Which is sort of what I’m thinking now…I could replace the CCD Converter, which is wearing out, for about $300, and solve all the current problems…unfortunately, it’s not a part that the repair shops keep in stock, and I would lose several days, if not a week or more, waiting for repair. Technically, my camera works and I can continue to take pictures, but the dust spots will keep building up since I can’t chance cleaning them, and this just leads to more work in Photoshop to get rid of them. Not to mention, I’d still be left with the fact that my camera is over three years old, and has taken over 60,000 pictures, and the shutter mechanism will need replaced eventually anyway as well, probably sooner than later if the CCD Converter has already started to die. I also have two annoying scratches on the sensor which I have to edit out in Photoshop. They drive me batty, but that alone didn’t warrant buying a new camera. The gentleman at the repair shop this morning also pointed out that it appears when I fell on my camera, it got a hairline crack along the ring-mount for the lens, and it’s now started to corrode slightly. This also means that if I get caught in a rainstorm, water has a direct route to the processor and motherboard and all that fun electronic stuff inside my camera.

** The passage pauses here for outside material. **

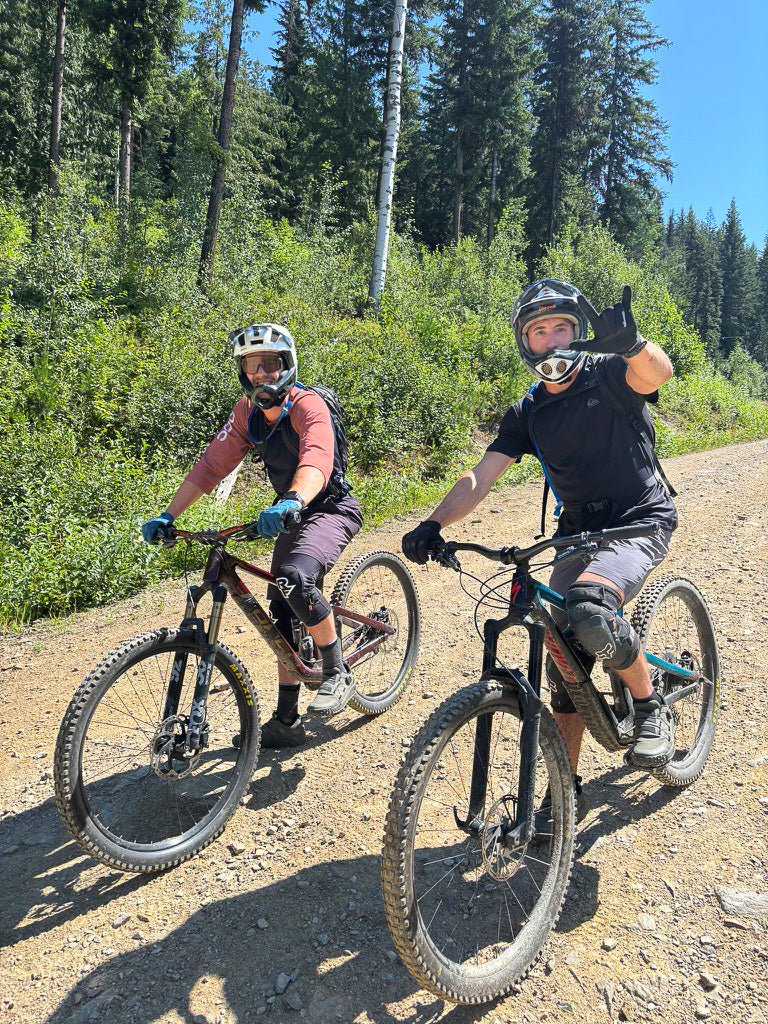 Two mountain bikers riding a gravel trail toward the camera through green forest under a blue sky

You can see my dilemma….and why I’m leaning toward just spending the money (via credit card and the ensuing interest I’ll have to pay) to buy the new Canon 5D Mark II, the new version of my camera which came out last fall. It’s a beautiful camera, and I drooled over it, but couldn’t make myself spend the money when my 5D was working just fine. The new camera is 21 megapixels, shoots HD video, has a Live View LCD (I’d be able to compose a shot without having to look through the viewfinder all the time, which makes odd-angle shots much easier), a built-in sensor cleaner, and with the enhanced ISO settings, I can shoot in much lower light with much better results which would make taking pictures for my bands a lot easier. Nearly all of my equipment is compatible with the new camera, all I’d need are new batteries, and a new L-bracket to connect the camera to my tripod head. All this, for only about $3,000…

As my mom pointed out, it doesn’t do me any good to be taking this trip if I don’t have a working, reliable camera, and I know this isn’t an opportunity I’ll get again. I know I thought my 2006 trip was a once in a lifetime trip, and here I am at it again, but I KNOW this is the last trip of this scale (and I’m not even halfway done yet). I don’t want to live in my parents’ basement forever (and I doubt they want me there forever, even if it is a good arrangement so far). I’d like a house someday, and that means being responsible and putting down roots, and not taking off for months at a time. So yeah, I think I’m going to suck it up and buy the new 5D Mark II, and be able to enjoy this adventure without worrying about having to drastically rearrange my schedule to fit in a repair, and someday when I have lots of money (the keyword was “someday”) I’ll fix my (soon-to-be-old) camera and have it converted to infrared or something like that.

I think I’m feeling better about this.